Revision of "Head"

Head

Today I open the book of the body and read about beheadings.

It took three strokes to hack off Mary Stuart’s head,
the first struck the back of her head,
the second bit her shoulder and through her subclavian artery, spraying blood like a garden hose,
the third did the job.

Sikh guru Tegh Bahadur, who warned,
the mind remains in the mind and so death seizes him by the hair,
was decapitated for refusing to convert.
The book says that at his wedding Tegh Bahadur’s face was handsome as the moon.

The heads of looters stuck on poles outside Singapore’s Cathay Cinema
where Japanese officers manned the radio and watched American movies
broadcast the same message
as the execution of Daniel Pearl, and those of others who did not make it to video.

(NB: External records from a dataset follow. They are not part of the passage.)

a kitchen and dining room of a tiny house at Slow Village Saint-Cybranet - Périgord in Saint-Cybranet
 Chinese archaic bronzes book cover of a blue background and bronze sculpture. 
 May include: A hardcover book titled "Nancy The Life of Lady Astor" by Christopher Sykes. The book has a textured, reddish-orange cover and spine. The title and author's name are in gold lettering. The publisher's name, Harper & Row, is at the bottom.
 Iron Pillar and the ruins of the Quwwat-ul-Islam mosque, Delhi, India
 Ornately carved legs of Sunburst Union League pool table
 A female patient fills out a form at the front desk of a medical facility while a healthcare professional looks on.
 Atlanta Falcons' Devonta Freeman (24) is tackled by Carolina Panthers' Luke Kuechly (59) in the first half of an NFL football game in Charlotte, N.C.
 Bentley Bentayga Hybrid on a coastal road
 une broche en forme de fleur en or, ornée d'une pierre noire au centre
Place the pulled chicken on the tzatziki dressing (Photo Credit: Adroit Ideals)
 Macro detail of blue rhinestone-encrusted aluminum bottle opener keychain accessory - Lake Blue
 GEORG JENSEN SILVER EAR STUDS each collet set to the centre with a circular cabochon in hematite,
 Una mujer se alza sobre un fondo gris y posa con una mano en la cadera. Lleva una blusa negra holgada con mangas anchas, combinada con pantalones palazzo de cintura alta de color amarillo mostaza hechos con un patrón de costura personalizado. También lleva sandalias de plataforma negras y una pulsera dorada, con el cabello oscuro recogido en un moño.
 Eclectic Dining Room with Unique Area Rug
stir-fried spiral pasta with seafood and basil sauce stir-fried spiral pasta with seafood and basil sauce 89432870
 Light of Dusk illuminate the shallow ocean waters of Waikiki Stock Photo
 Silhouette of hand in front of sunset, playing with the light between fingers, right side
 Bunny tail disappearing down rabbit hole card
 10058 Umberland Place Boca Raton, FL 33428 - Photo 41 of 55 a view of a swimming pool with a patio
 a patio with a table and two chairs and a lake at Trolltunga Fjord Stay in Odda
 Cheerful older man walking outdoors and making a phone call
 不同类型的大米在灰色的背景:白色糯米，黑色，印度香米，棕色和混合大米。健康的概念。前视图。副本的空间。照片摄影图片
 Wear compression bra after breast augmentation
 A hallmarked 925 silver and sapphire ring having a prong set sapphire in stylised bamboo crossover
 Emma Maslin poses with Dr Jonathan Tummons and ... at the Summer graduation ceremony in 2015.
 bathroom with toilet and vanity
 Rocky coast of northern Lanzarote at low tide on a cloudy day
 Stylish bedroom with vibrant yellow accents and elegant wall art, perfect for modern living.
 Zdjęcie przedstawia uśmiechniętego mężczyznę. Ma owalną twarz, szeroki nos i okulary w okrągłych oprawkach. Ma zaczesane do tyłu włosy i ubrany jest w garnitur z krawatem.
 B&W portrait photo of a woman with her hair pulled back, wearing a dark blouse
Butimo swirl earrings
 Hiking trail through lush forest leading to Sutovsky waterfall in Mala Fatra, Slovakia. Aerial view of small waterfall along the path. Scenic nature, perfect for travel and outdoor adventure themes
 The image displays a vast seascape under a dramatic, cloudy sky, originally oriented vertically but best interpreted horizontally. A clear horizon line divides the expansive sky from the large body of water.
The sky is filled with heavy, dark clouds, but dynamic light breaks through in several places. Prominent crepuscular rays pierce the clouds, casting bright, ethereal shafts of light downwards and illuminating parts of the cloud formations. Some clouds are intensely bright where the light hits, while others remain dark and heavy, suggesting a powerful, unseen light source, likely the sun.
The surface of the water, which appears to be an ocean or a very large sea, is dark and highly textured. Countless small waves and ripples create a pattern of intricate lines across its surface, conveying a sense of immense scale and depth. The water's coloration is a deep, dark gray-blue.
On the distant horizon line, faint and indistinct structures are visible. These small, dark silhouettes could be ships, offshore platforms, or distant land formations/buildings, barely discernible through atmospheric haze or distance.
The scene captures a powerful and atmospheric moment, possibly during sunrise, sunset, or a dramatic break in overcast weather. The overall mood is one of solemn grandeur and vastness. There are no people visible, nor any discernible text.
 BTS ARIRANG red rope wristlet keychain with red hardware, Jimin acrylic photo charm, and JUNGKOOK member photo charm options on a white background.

If the head was taken away, how did they identify the body for burial?
Perhaps the mother claimed her daughter by the birthmark on her left buttock.
Perhaps the father asked for his flat-footed son.
Perhaps the disciples placed his rough palm on their shaved heads.

Surely the lover knew,
not by the marks of imperfection, but by those of perfection,
toes, shins, kneecaps, thighs, sex, belly, sternum, nipples, shoulders—
lessons recited during caressing nights for such a night.

Today I open the book of the body under the sun in the Long Meadow,
for I want to believe that since the soul has such a bad job history
the body is a better teacher of moral philosophy,
and I read about the body, like a flower, bowing down before power.

What kind of a reformer is that?
It was believed that for fifteen minutes after her death Mary kept on praying.
We no longer believe her prayer,
but we want to read her lips before they stop.

Like the fragrance which remains in the flower, Tegh Bahadur rhapsodized,
the Lord dwells deep within.
I will continue reading the book of the body
though sunlight falls on the blades of leaves like guillotines.

Comments

Peter said…
Wow. Good poem.
Jee Leong said…
I'm glad you enjoyed it, Peter.
Great poem - and a great project! Any plans to publish the eventual collection?
Jee Leong said…
Thanks, Susan. The sequence is very much a work-in-progress, though I wish there is more progress to show for it. I am not quite ready to write the rest of the sequence, I think.